Home design tips that help you work from home

This is a collaborative post

Working from home is still a relatively new concept in the modern day and age. You won’t meet a lot of people who claim to do so, and there’s a lot of debate over whether or not it’s better than having a workplace environment around you. But that doesn’t change the fact that your environment is going to affect just how much work you get done in a day, and working from home is one of the best ways to customise this!

Are you someone who loves your job of being able to sit in your own office, entirely personalised your way, with no one else around disturbing your train of thought when you get into a good flow? Then now’s the time to truly celebrate your ability to work from home with a proper home or room design fitted around you and your productivity needs! After all, a lot of people can give up what seems like a stable job to be able to work on their own terms, and having it pay off is something you deserve to show off!

It’s incredibly picturesque, but is it effective? 



A proper desk and chair

Probably one of the most important things that you can do for yourself when working from home, is supply yourself with a desk and a chair. So often it’s thought that one of the benefits to being a home worker is that you get to lounge around on the sofa all day with a laptop on your lap.  In reality though, it’s not only really uncomfortable, but also really bad for your body. You are likely to end up with a bad back or dodgy neck if you regularly sit working from the sofa, so spending just a little bit of money on a desk and a computer chair should be top of your working from home list.


A good traffic flow

Traffic happens just as much within the office as it did on the noisy street outside your window when you still worked for a company, and because of this, you need to get a handle on what the flow of the office tends to look like. Where do you reach the most? What do you reach for? Is the doorway clear enough for you to take breaks whenever you need to? Is there any equipment clogging the path up?

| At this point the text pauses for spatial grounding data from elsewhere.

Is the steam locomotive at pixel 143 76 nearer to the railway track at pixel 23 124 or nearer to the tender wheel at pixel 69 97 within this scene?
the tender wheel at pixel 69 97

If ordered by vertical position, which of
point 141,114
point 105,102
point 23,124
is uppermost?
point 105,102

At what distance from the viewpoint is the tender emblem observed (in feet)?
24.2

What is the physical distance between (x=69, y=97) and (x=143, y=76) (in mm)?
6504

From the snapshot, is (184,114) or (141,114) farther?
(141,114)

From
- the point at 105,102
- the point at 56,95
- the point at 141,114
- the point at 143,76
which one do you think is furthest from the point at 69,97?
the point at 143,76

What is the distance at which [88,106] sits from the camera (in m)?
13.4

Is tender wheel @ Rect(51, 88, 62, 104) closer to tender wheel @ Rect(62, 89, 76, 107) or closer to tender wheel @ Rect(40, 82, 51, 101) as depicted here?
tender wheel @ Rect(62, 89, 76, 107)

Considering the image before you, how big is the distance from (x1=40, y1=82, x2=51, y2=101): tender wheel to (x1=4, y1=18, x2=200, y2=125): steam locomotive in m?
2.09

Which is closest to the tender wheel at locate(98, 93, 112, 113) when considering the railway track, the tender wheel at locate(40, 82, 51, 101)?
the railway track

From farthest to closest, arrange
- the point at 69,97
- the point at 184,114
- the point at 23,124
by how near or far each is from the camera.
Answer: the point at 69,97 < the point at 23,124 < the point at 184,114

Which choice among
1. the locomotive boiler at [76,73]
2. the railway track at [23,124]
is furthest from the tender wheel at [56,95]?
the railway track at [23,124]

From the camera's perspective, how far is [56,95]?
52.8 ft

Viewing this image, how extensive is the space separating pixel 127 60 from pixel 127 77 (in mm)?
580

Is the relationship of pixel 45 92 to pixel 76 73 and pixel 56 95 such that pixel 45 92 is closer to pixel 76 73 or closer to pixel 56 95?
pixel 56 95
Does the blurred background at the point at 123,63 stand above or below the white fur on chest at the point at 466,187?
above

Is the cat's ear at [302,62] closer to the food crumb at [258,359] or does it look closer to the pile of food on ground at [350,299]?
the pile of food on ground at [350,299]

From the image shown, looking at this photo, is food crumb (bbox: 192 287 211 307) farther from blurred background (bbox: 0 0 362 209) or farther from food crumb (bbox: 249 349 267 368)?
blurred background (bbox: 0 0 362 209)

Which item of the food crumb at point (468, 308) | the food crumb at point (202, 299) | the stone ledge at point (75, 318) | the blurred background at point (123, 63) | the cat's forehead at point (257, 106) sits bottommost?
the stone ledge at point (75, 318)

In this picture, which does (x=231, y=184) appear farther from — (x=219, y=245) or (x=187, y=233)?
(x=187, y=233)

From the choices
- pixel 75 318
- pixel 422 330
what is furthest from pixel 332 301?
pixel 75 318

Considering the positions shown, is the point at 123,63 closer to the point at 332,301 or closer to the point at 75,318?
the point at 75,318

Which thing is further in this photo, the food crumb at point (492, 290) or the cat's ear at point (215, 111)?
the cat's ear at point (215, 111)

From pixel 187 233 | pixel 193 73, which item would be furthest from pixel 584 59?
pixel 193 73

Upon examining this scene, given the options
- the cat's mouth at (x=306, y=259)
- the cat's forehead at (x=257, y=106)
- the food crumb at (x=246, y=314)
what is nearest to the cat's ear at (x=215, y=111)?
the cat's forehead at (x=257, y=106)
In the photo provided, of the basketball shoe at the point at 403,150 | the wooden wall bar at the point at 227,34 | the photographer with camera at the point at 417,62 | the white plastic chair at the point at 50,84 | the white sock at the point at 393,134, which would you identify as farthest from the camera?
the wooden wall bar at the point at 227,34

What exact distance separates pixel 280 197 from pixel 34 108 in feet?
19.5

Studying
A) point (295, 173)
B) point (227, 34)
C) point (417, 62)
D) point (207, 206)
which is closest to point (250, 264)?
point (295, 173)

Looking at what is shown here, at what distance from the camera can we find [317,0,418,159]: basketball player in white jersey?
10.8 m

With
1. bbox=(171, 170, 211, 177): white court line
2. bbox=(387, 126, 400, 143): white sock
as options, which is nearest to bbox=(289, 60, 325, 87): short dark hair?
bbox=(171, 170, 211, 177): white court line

These are all quite serious questions you need to take into account for your office design, especially if you’re someone who’s been worried about your productivity slipping over the past few months. You want your resources near to you, you want to be able to take a break whenever you need one, and you want to feel light enough to come back to your desk afterwards.


Plenty of Light

Light is something your brain needs to function. You can’t work in the dark for obvious reasons, but even with some artificial lighting from lamps both standing and overhead, you’re going to find it a struggle. So now’s your chance to make sure you’ve got clean and clear windows that let all that precious natural light in, and that you don’t have any blinds covering them when you’re yawning away, fresh up to work in the morning.

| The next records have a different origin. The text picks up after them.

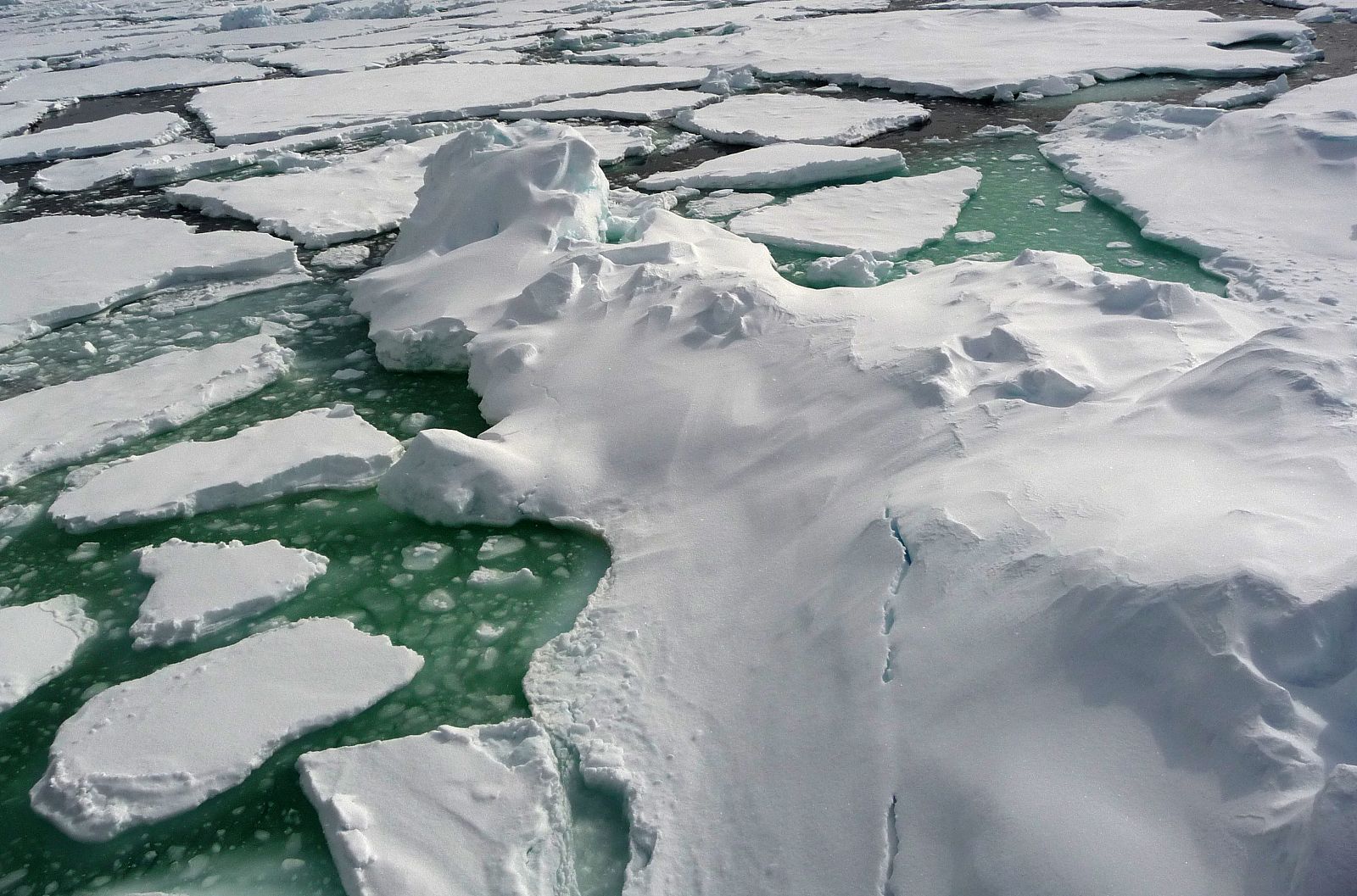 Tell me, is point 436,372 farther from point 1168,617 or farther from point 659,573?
point 1168,617

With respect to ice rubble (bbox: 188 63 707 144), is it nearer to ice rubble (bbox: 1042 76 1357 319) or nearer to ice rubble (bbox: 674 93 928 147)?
ice rubble (bbox: 674 93 928 147)

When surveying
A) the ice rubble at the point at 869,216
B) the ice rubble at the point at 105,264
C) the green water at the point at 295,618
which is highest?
the ice rubble at the point at 105,264

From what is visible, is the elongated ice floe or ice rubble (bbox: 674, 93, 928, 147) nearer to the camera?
the elongated ice floe

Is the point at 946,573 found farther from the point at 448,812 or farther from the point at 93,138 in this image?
the point at 93,138

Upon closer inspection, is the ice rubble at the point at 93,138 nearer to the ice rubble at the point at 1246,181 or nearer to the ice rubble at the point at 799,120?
the ice rubble at the point at 799,120

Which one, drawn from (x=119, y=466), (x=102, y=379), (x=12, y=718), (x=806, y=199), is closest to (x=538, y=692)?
(x=12, y=718)

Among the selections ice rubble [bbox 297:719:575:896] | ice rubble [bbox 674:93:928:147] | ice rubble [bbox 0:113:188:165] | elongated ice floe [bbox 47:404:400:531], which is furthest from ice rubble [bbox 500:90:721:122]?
ice rubble [bbox 297:719:575:896]

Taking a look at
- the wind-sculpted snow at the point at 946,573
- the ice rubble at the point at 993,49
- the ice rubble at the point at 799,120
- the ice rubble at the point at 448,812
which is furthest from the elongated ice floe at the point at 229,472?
the ice rubble at the point at 993,49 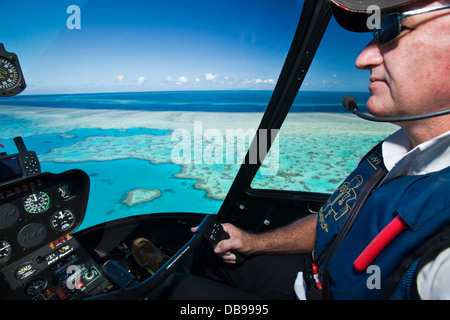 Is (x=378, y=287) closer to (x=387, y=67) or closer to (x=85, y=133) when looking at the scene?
(x=387, y=67)

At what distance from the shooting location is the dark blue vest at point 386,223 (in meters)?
0.54

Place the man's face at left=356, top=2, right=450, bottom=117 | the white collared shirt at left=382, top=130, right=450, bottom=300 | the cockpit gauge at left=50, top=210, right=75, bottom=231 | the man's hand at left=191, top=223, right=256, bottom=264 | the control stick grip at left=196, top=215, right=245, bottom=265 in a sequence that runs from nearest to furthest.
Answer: the white collared shirt at left=382, top=130, right=450, bottom=300, the man's face at left=356, top=2, right=450, bottom=117, the control stick grip at left=196, top=215, right=245, bottom=265, the man's hand at left=191, top=223, right=256, bottom=264, the cockpit gauge at left=50, top=210, right=75, bottom=231

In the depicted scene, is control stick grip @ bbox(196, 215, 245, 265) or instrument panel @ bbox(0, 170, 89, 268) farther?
instrument panel @ bbox(0, 170, 89, 268)

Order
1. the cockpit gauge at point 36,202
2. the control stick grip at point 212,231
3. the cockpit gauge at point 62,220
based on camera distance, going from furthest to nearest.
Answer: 1. the cockpit gauge at point 62,220
2. the cockpit gauge at point 36,202
3. the control stick grip at point 212,231

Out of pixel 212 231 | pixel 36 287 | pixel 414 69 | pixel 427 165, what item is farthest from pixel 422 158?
pixel 36 287

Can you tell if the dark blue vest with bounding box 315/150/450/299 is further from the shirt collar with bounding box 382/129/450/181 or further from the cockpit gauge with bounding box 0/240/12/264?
the cockpit gauge with bounding box 0/240/12/264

Companies like Contemporary Architects can help you out with finding the best way to maximise on your limited sun exposure, but you can just try moving the desk you work at nearer to the window. Light keeps us awake and tells us we need to get moving on with the day, and it’s going to keep you quipping at your desk for the next few hours at least!


Working from home can be an amazing opportunity, but making sure you give yourself the correct design features really needs to be thought out before you jump into it.